# [How to complete this task]
Give all the lines below again, exactly, with no pictures.

# [Dataset extract]
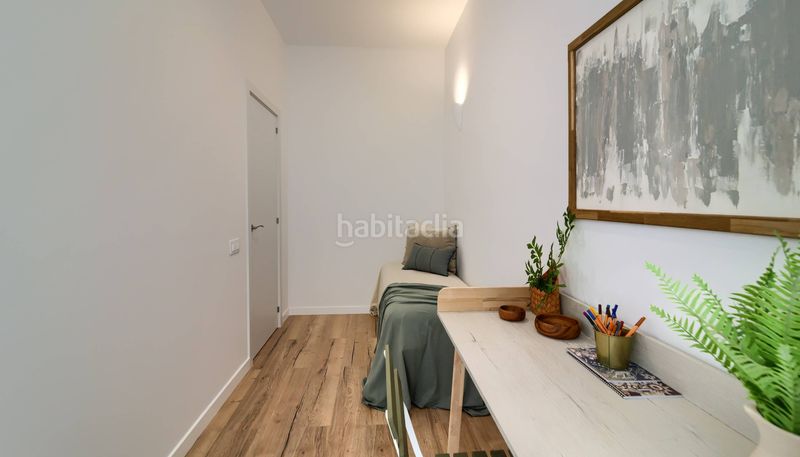 Foto 7278a3df-67d6-4fa2-aef4-8a7a19b8d0ed. Pis a Russafa Valencia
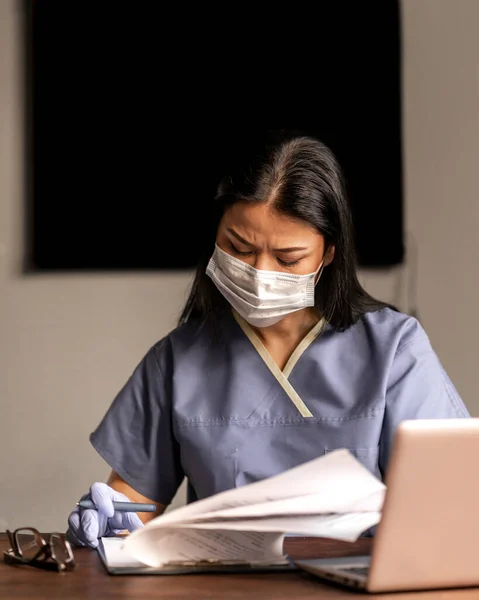 Азійська Жінка Пише Документи Вірус Тест Захисна Маска Заразна Небезпека Ліцензійні Стокові Фото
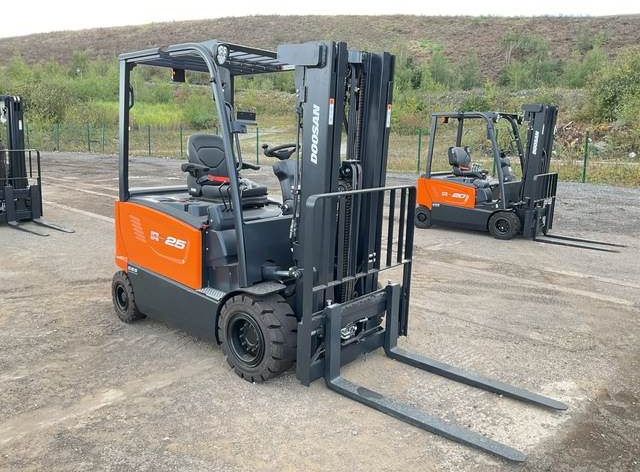 Doosan B25X-7 PLUS - Electric forklift: picture 4 Doosan B25X-7 PLUS - Electric forklift: picture 4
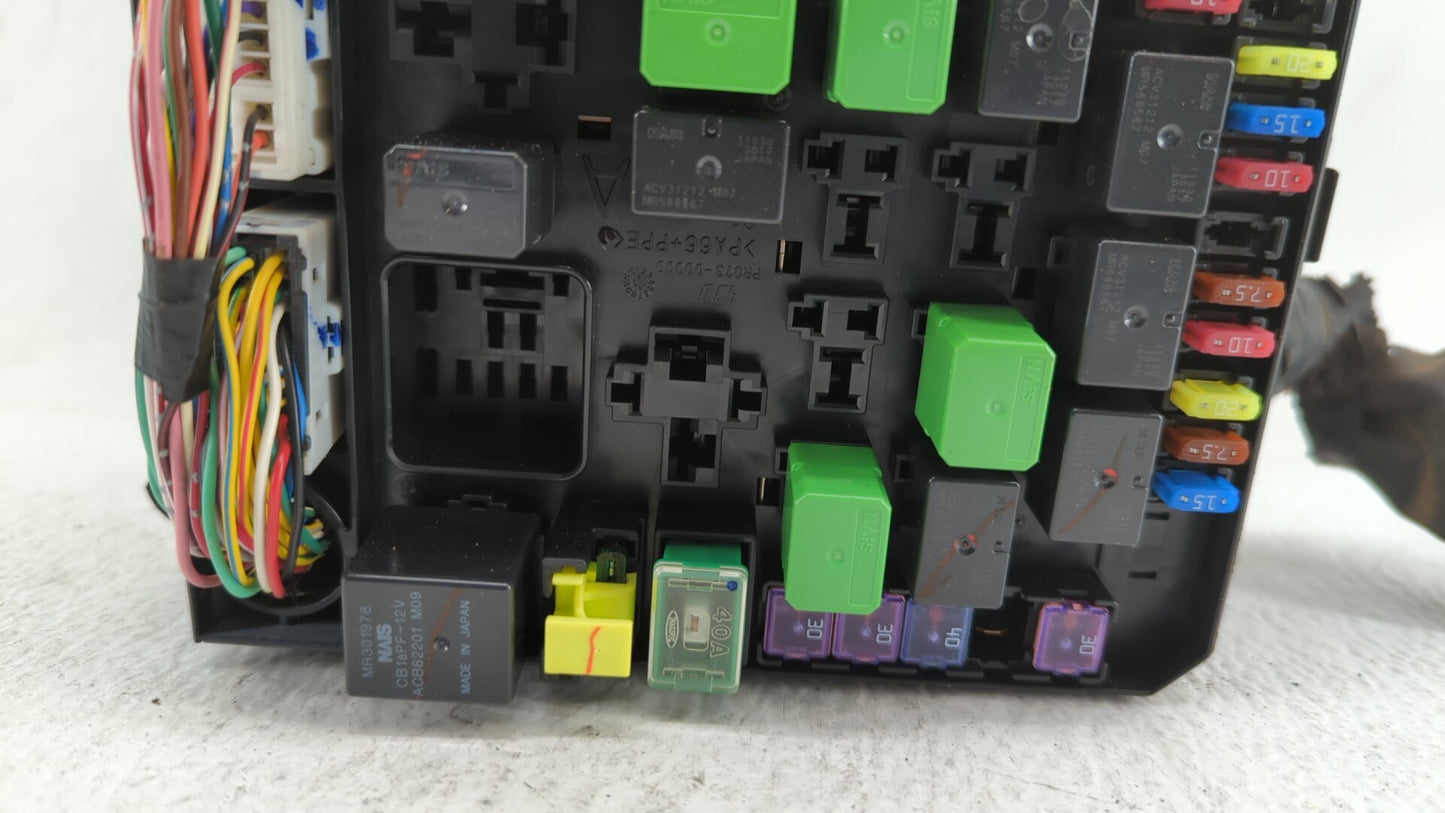 2012 Mitsubishi Outlander Fusebox Fuse Box Panel Relay Module Fits OEM Used Auto Parts - Oemusedautoparts1.com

# [Answer space]
 Foto 7278a3df-67d6-4fa2-aef4-8a7a19b8d0ed. Pis a Russafa Valencia
 Азійська Жінка Пише Документи Вірус Тест Захисна Маска Заразна Небезпека Ліцензійні Стокові Фото
 Doosan B25X-7 PLUS - Electric forklift: picture 4 Doosan B25X-7 PLUS - Electric forklift: picture 4
 2012 Mitsubishi Outlander Fusebox Fuse Box Panel Relay Module Fits OEM Used Auto Parts - Oemusedautoparts1.com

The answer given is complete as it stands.